▸ Work order: Each line in the material below, starting at the one that contains "And as always, thanks" and ending at the one that contains "If you use Minecraft", should be repeated exactly; the pictures should not.

Task data: Begin

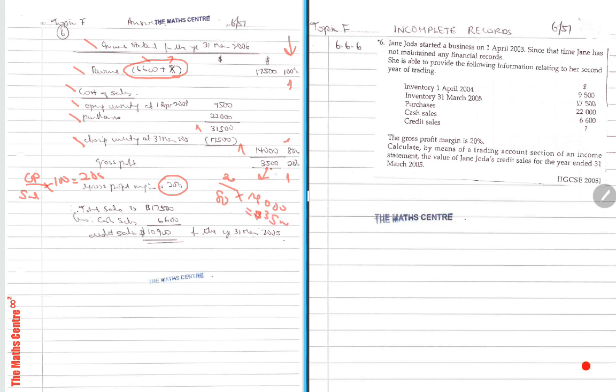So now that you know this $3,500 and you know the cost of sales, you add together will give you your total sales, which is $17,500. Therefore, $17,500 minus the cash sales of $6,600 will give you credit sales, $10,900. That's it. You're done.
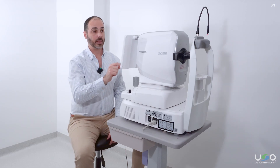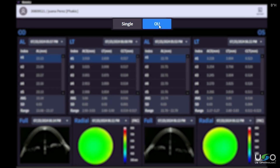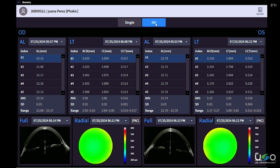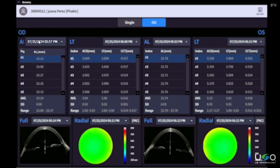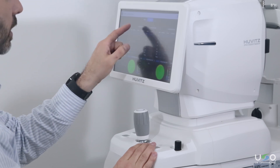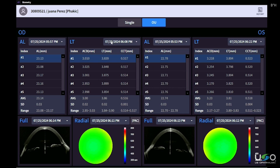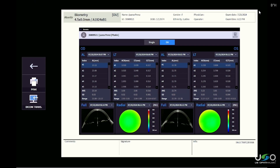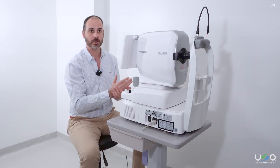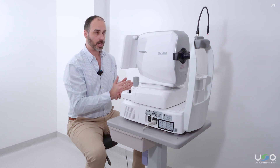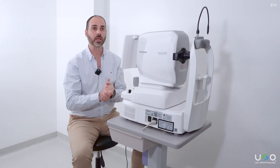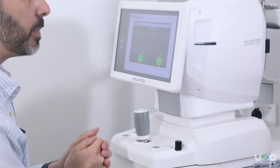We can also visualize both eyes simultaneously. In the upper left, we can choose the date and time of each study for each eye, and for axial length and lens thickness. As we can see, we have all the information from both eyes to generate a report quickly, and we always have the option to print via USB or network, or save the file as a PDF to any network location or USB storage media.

Task data: End
Task data: Begin

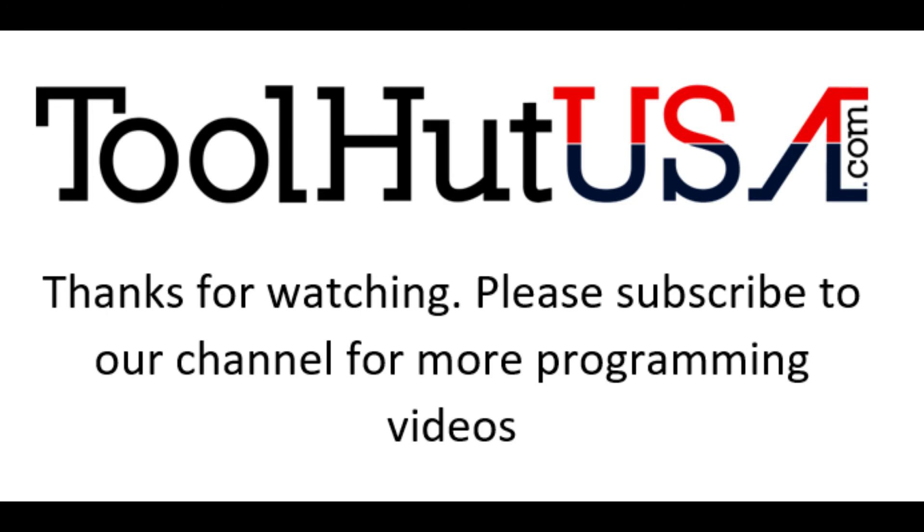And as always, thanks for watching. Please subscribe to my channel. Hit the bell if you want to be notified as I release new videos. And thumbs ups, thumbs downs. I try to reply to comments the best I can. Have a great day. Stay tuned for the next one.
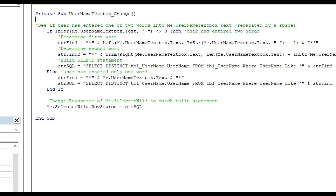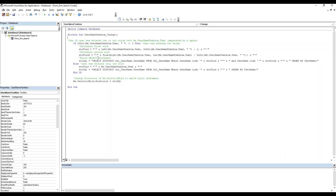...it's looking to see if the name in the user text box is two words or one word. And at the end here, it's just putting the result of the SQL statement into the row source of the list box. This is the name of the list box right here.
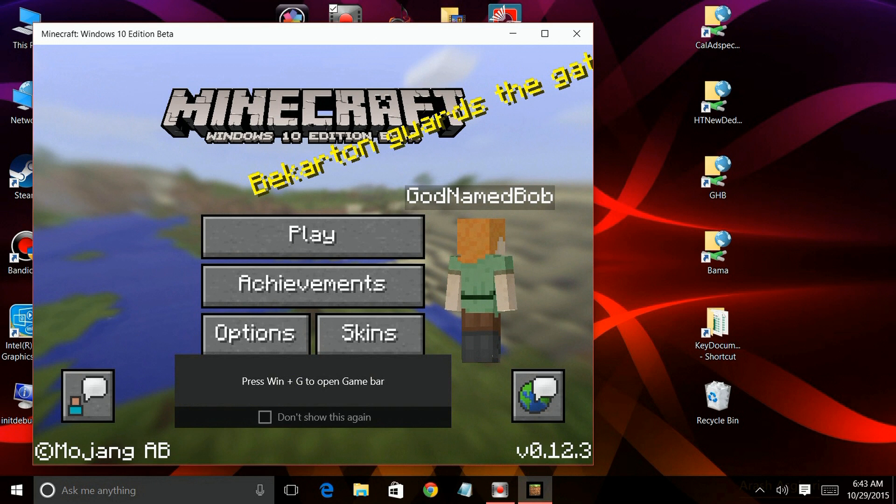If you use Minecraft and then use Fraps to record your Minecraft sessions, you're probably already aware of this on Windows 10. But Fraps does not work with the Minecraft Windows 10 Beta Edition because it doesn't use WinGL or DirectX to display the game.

Task data: End

▸ Task response:
And as always, thanks for watching. Please subscribe to my channel. Hit the bell if you want to be notified as I release new videos. And thumbs ups, thumbs downs. I try to reply to comments the best I can. Have a great day. Stay tuned for the next one.
...it's looking to see if the name in the user text box is two words or one word. And at the end here, it's just putting the result of the SQL statement into the row source of the list box. This is the name of the list box right here.
If you use Minecraft and then use Fraps to record your Minecraft sessions, you're probably already aware of this on Windows 10. But Fraps does not work with the Minecraft Windows 10 Beta Edition because it doesn't use WinGL or DirectX to display the game.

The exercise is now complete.